Eastern Tiger Swallowtails are always a delight in flight.
The most spectacular in size and drama of my new sightings was this Giant Swallowtail. Our warmer climate is expanding the territory of these magnificent butterflies, as again record counts were reported throughout the northeast last year. This was the only giant that I was lucky enough to see in the gardens and I did worry for its safety as the Cat Bird's beak opened in awe, as did my mouth, at the strangeness and size of this swallowtail. I literally chased the Cat Bird away but that would have only been a temporary deterrent. I did not chance to see the butterfly again.
|Eastern Tiger Swallowtail|
The smaller Eastern Tiger Swallowtail not only differs in size but also has a very different pattern on its wings . . . the only time it might be confused with its cousin the giant is when the wings are folded.
|Flower Hill Farm Butterflies of 2012|
Other than a couple of skippers, this is the collection of butterflies I was able to catch sight of throughout last year in our gardens and fields. Twenty-two or so species is only a small amount of the one hundred three butterfly species known to inhabit Massachusetts. I will continue to work with my land and gardens to provide a more diverse habitat that hopefully will attract many new butterflies to Flower Hill Farm.
Learning to identify the caterpillars, their host plants and the overwintering habits of various butterflies, will go a long way to securing their success in our gardens. I am especially indebted to the Massachusetts Butterfly Club for their highly educational and beautiful website along with the invaluable Mass Audubon's Butterfly Atlas. I have been able to identify and learn about all the butterflies in this series by visiting the two websites above. I am thrilled to now be a member of the Massachusetts Butterfly Club which is a chapter of the North American Butterfly Association.

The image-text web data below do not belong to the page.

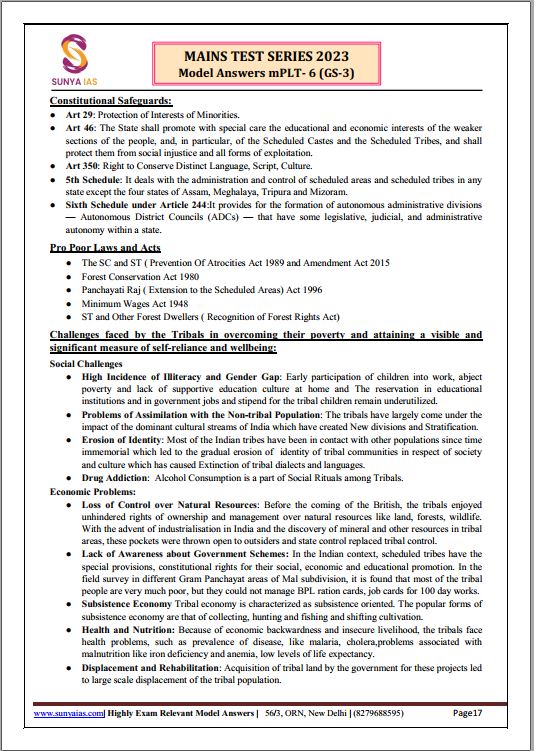 sunya-ias-mains-test-series-6-to-10-english-medium-2023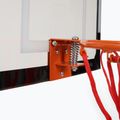 Набір для баскетболу OneTeam BBK01 with a white ball 3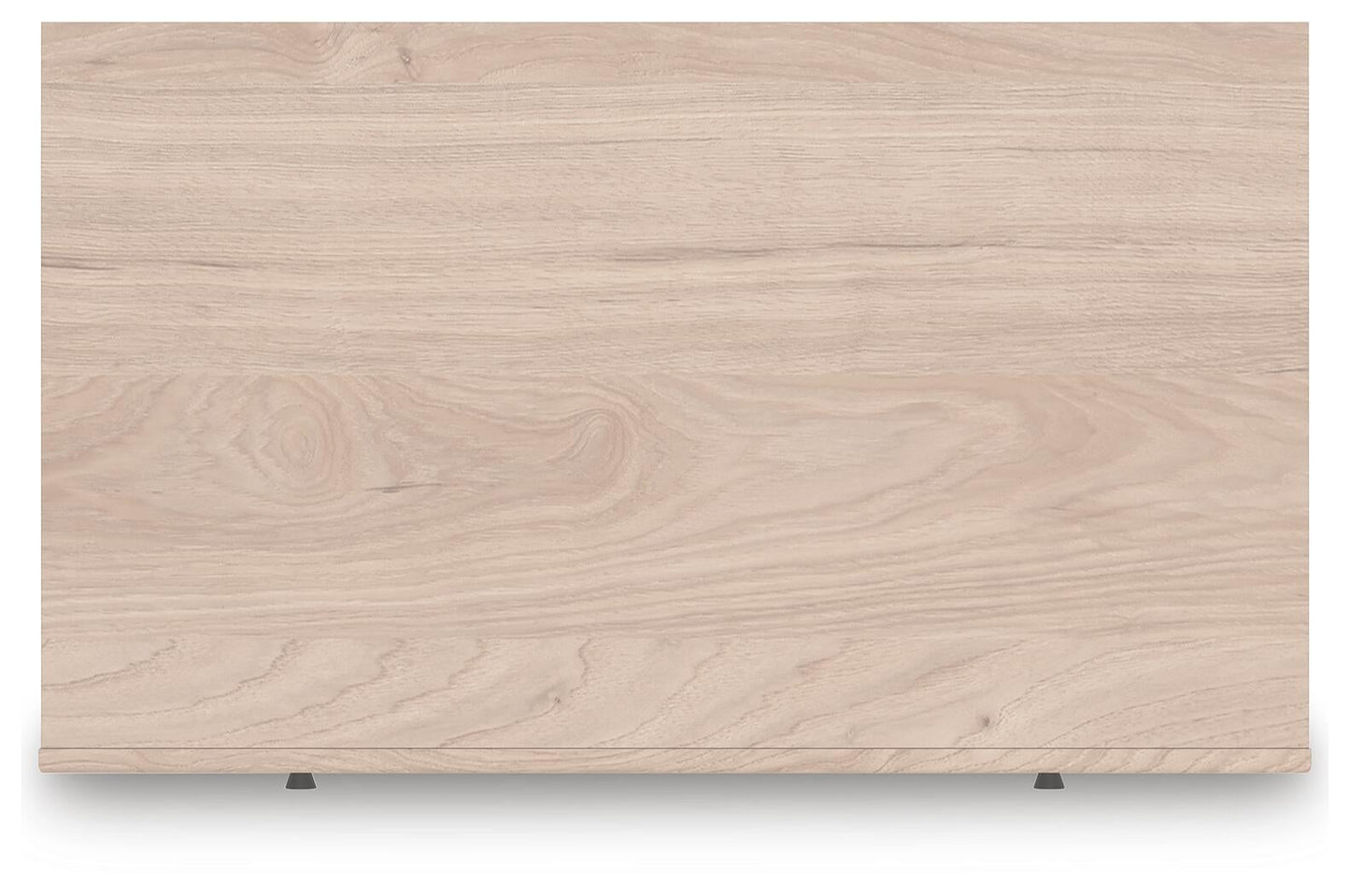 Arloster Four Drawer Chest Signature Design by Ashley®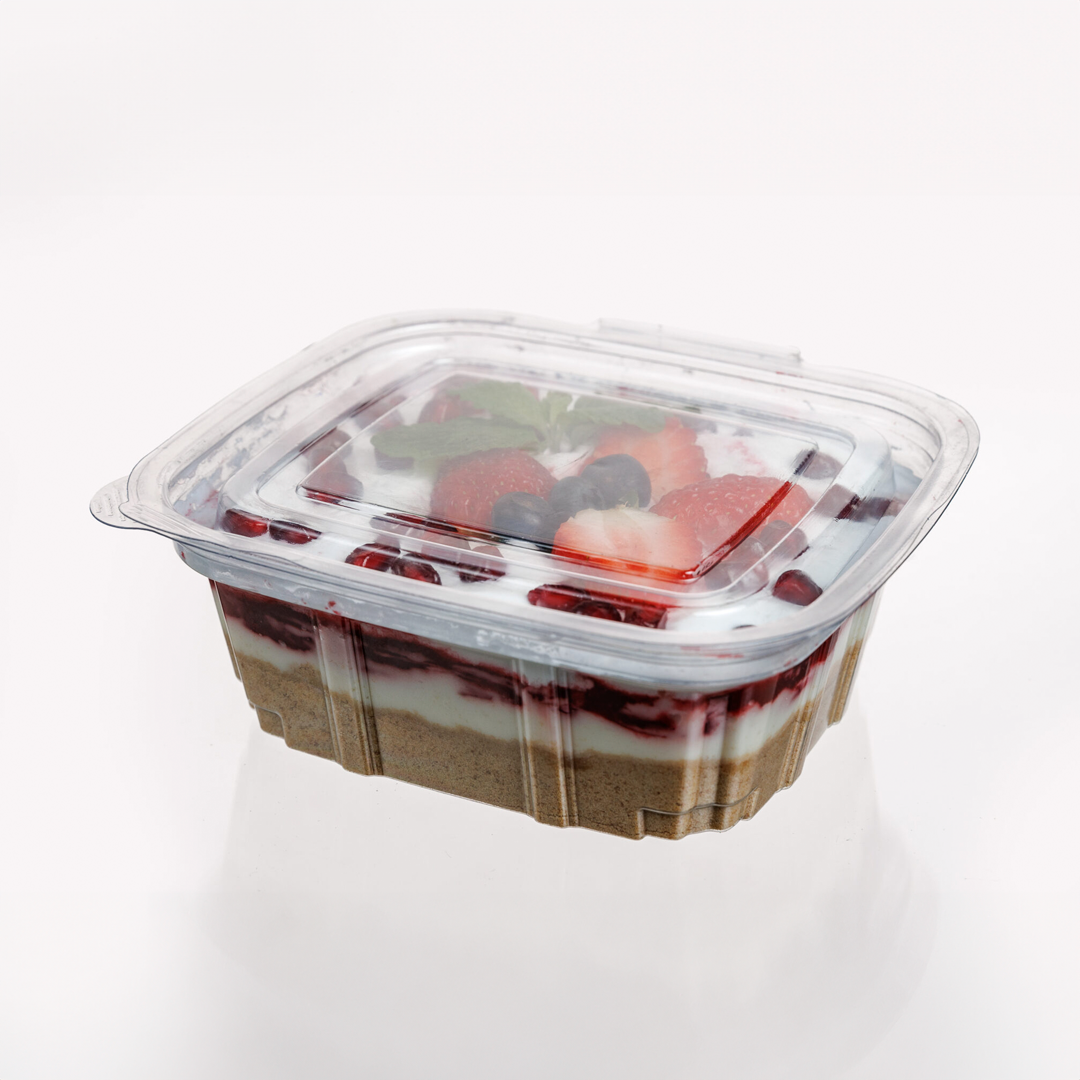 H-88 POTE ARTICULADA 250ML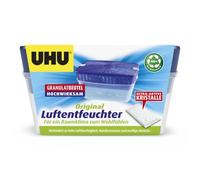 UHU Déshumidificateur original + recharge de 1000 g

Connecting with other butterfly enthusiasts is a wonderful way to learn more about butterflies and how we can all help preserve habitat for these remarkable creatures.

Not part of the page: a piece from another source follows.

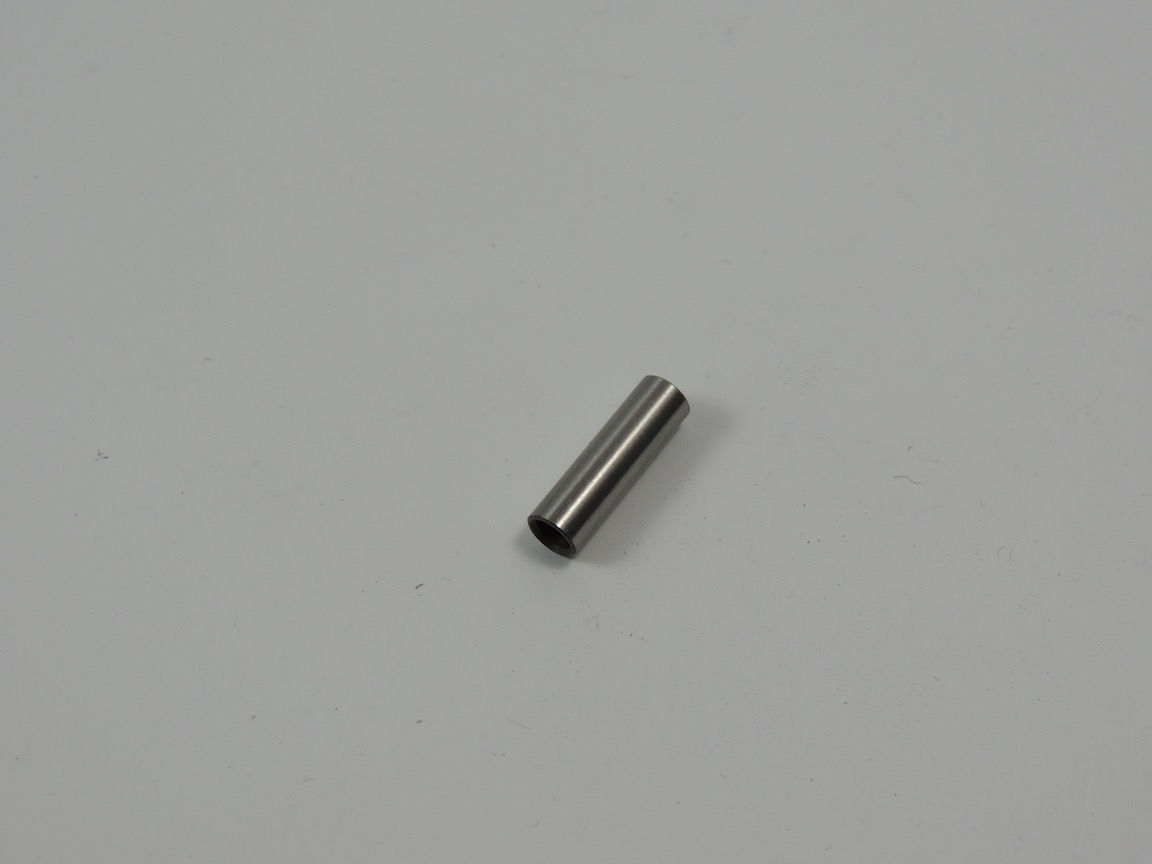 S-POWER S3/S7 Piston Pin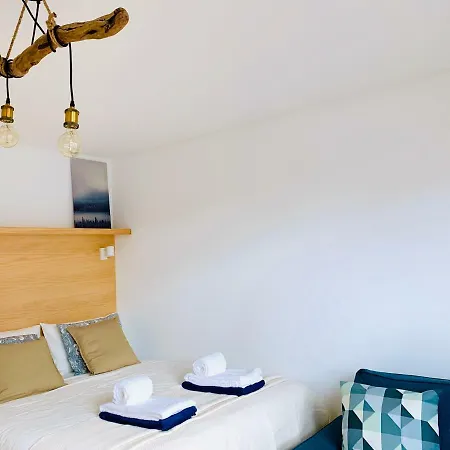 L'azor - Nature * ポンタ・デルガダ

Mourning Cloaks are not among the list above as I did not see one last year. This April did, however, bring at least six from their overwinter hiding places, but not one was close enough to capture with my camera. It is exciting to begin a new season of butterfly watching and I hope my list will grow along with my unbridled enthusiasm for these spirited gifts of nature.
Wishing all a happy May and a bountiful butterfly season!